■ Work instruction ■
For the listing below, give the count of lines containing "Room", and no other text.

■ Entries supplied ■
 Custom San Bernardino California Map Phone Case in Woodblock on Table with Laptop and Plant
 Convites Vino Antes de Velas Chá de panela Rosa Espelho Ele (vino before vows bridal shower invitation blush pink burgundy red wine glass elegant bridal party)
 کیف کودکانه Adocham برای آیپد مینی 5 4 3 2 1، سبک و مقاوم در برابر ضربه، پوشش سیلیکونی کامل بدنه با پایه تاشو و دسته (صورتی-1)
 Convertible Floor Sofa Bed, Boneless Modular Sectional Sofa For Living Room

--

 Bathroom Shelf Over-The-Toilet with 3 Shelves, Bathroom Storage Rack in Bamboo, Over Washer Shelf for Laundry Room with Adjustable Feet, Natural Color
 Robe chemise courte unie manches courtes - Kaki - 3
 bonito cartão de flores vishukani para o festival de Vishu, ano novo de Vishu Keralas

...

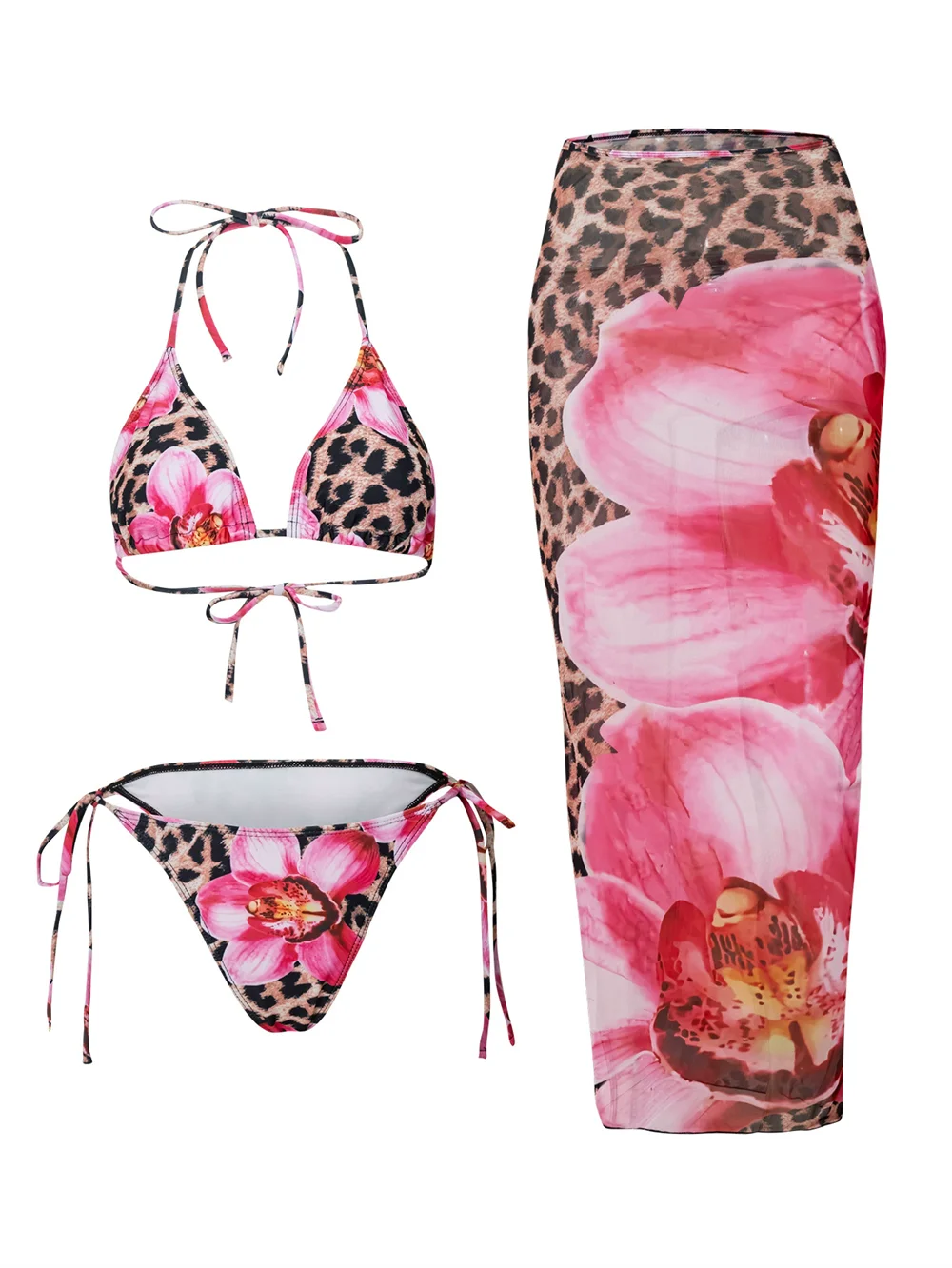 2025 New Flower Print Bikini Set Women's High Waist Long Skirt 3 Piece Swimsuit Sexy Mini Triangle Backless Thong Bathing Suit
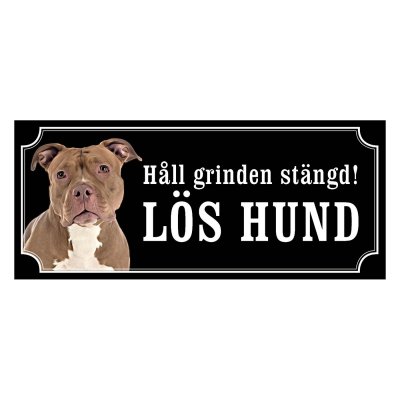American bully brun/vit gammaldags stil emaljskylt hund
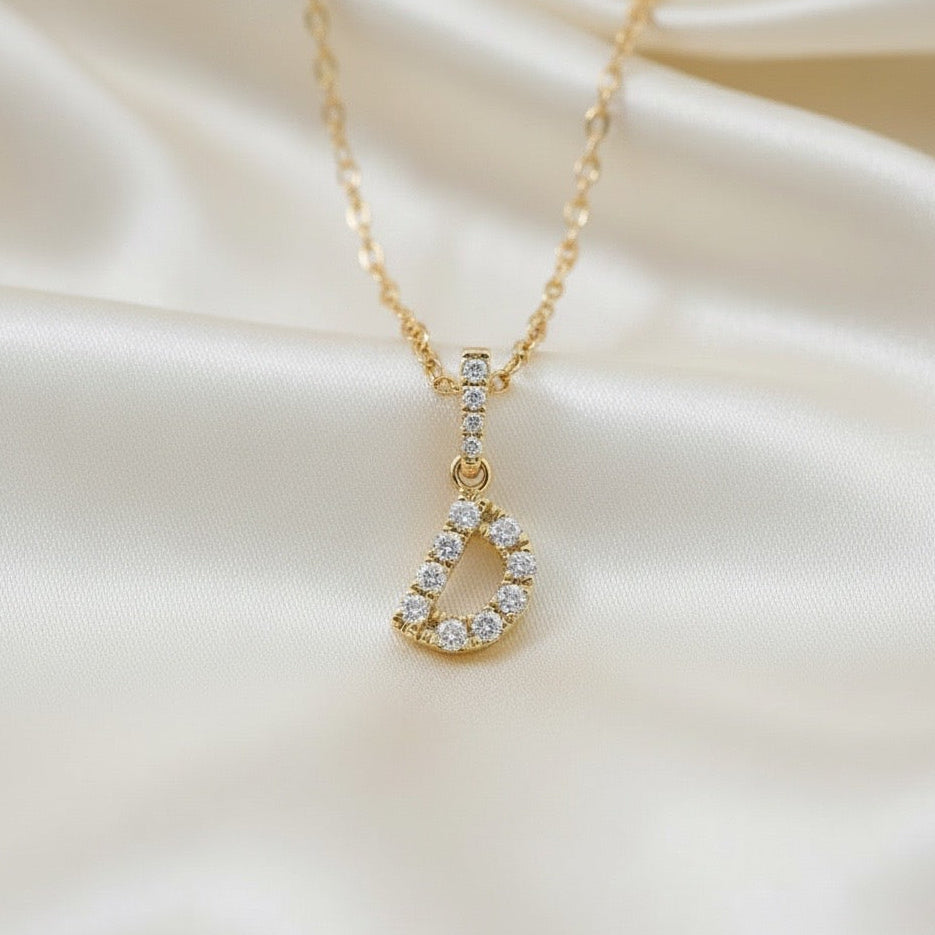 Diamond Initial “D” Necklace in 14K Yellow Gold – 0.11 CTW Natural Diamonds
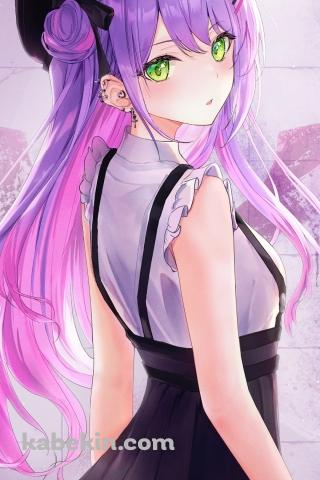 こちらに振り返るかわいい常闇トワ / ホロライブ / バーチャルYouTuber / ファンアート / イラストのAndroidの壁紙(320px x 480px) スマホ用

■ Reply to the task ■
2